— MATERIAL SHOWN —
+===+
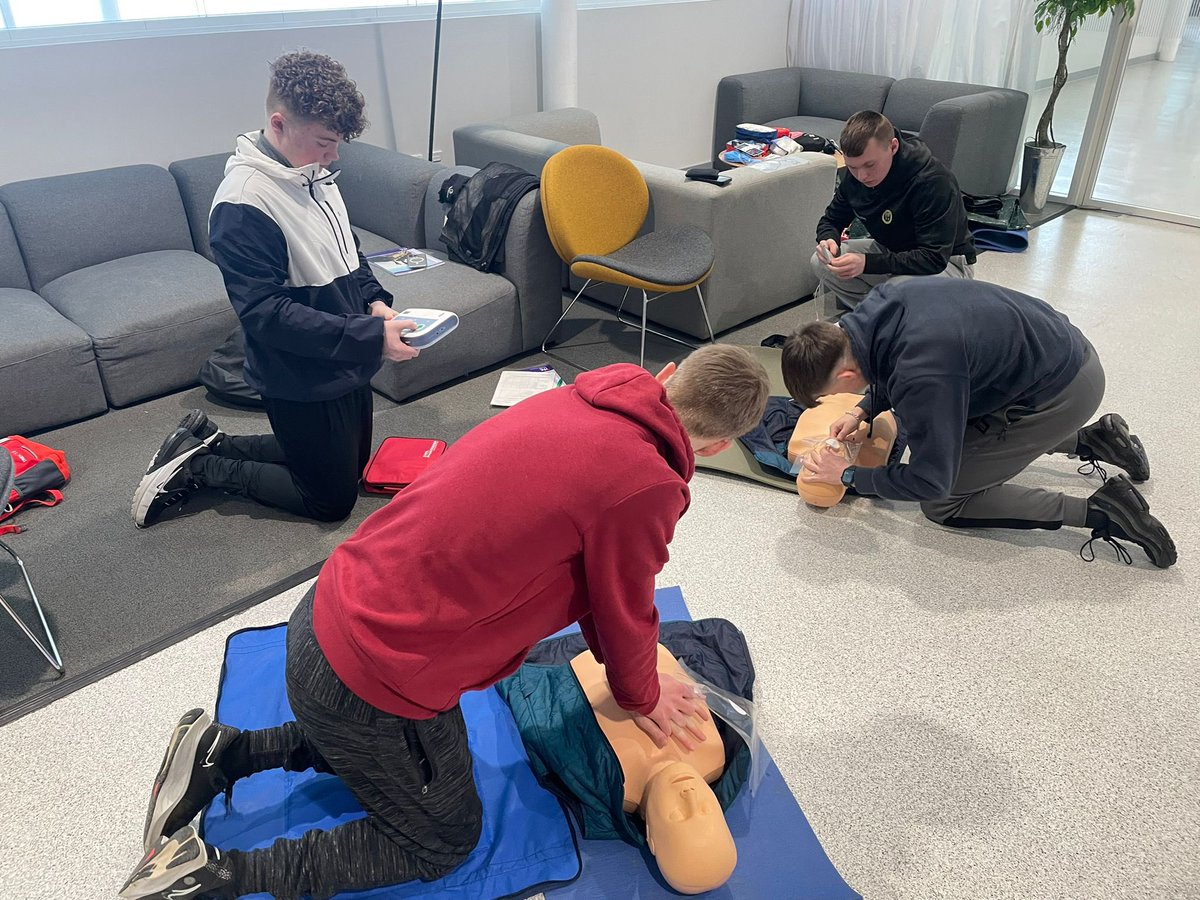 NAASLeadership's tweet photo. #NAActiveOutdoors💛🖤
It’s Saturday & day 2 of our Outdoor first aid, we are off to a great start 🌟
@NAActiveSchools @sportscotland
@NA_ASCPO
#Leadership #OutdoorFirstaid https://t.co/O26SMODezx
+===+
— EXERCISE REQUIREMENTS —
The entries are to be written out in full and exactly, apart from the pictures.

— RESPONSE —
 NAASLeadership's tweet photo. #NAActiveOutdoors💛🖤
It’s Saturday & day 2 of our Outdoor first aid, we are off to a great start 🌟
@NAActiveSchools @sportscotland
@NA_ASCPO
#Leadership #OutdoorFirstaid https://t.co/O26SMODezx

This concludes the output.